The electron in a hydrogen atom, originally in level n = 8, undergoes a transition to a lower level by emitting a photon of wave

timofeeve [1]

Explanation:

It is given that,

The electron in a hydrogen atom, originally in level n = 8, undergoes a transition to a lower level by emitting a photon of wavelength 3745 nm.
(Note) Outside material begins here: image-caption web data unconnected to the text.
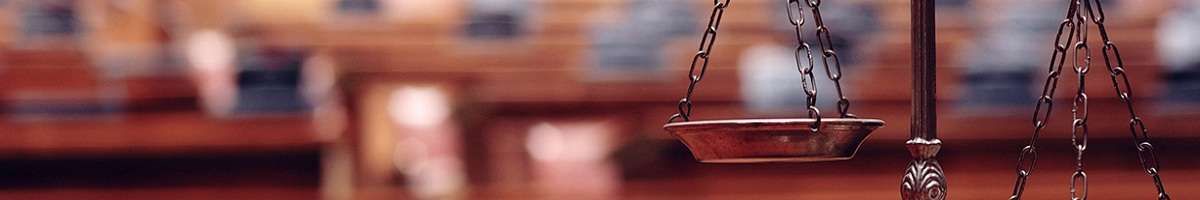 Fourlion Legal Banner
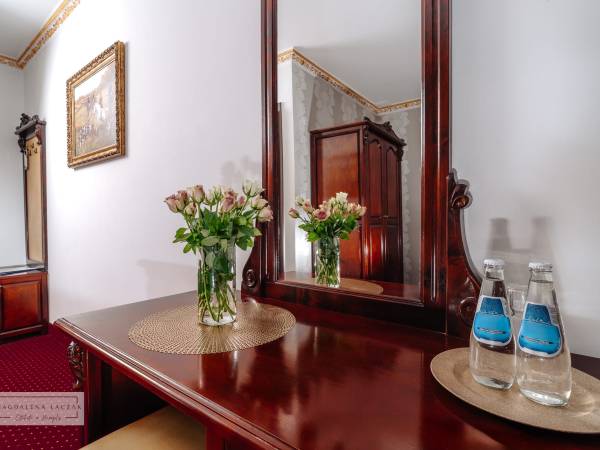 Hotel Restauracja CAMPARI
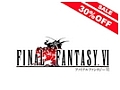 FINAL FANTASY VIפ30󥪥աܥץ쥤̵ȥǤ⤪ʥڡʤɤ»档Google Playǥॵޡ3Ƥ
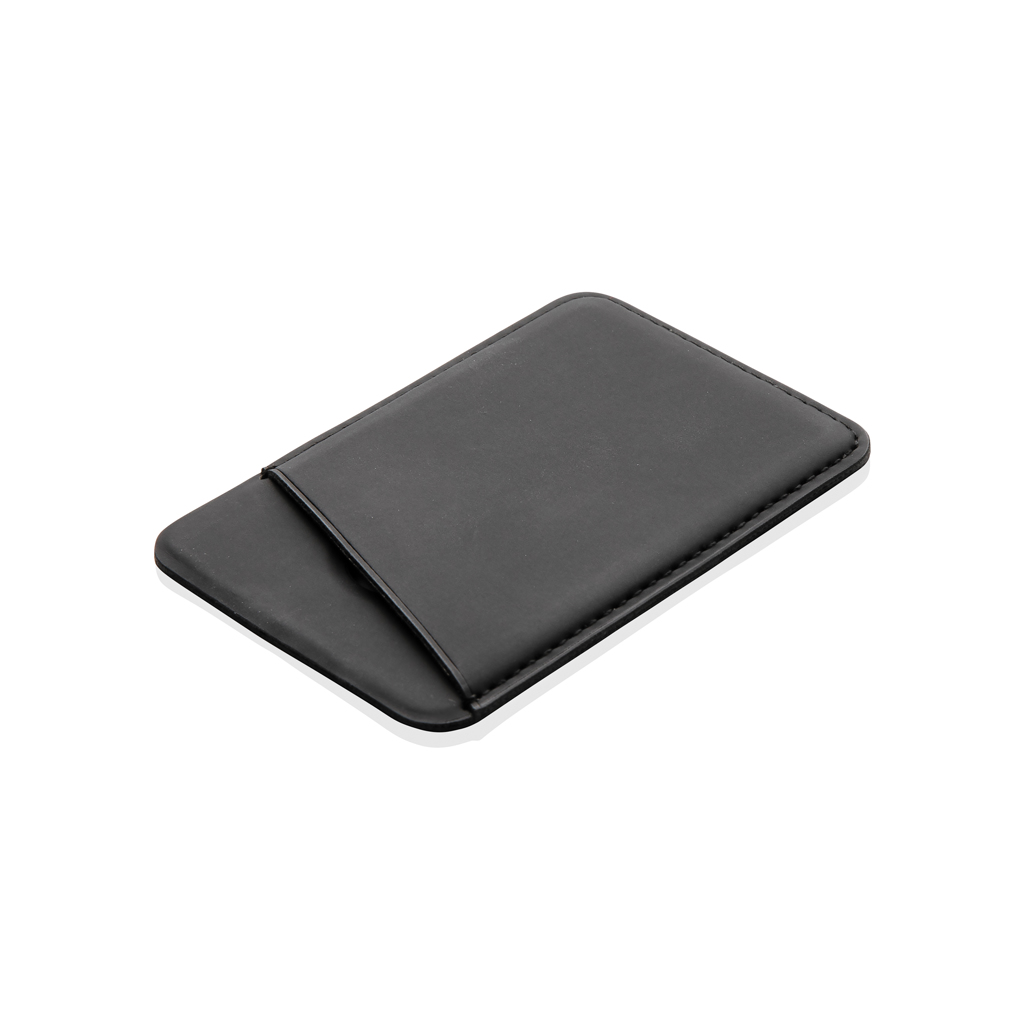 Tarjetero magnético para teléfono - Tecnología - Regalo Promocional Personalizado - vista alternativa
It means that,

$n_i=8$

$\lambda=3745\ nm$

The amount of energy change during the transition is given by :

$\Delta E=R_H[\dfrac{1}{n_f^2}-\dfrac{1}{n_i^2}]$

And

$\dfrac{hc}{\lambda}=R_H[\dfrac{1}{n_f^2}-\dfrac{1}{n_i^2}]$

Plugging all the values we get :

$\dfrac{6.63\times 10^{-34}\times 3\times 10^8}{3745\times 10^{-9}}=2.179\times 10^{-18}[\dfrac{1}{n_f^2}-\dfrac{1}{8^2}]\\\\\dfrac{5.31\times 10^{-20}}{2.179\times 10^{-18}}=[\dfrac{1}{n_f^2}-\dfrac{1}{8^2}]\\\\0.0243=[\dfrac{1}{n_f^2}-\dfrac{1}{64}]\\\\0.0243+\dfrac{1}{64}=\dfrac{1}{n_f^2}\\\\0.039925=\dfrac{1}{n_f^2}\\\\n_f^2=25\\\\n_f=5$

So, the final level of the electron is 5.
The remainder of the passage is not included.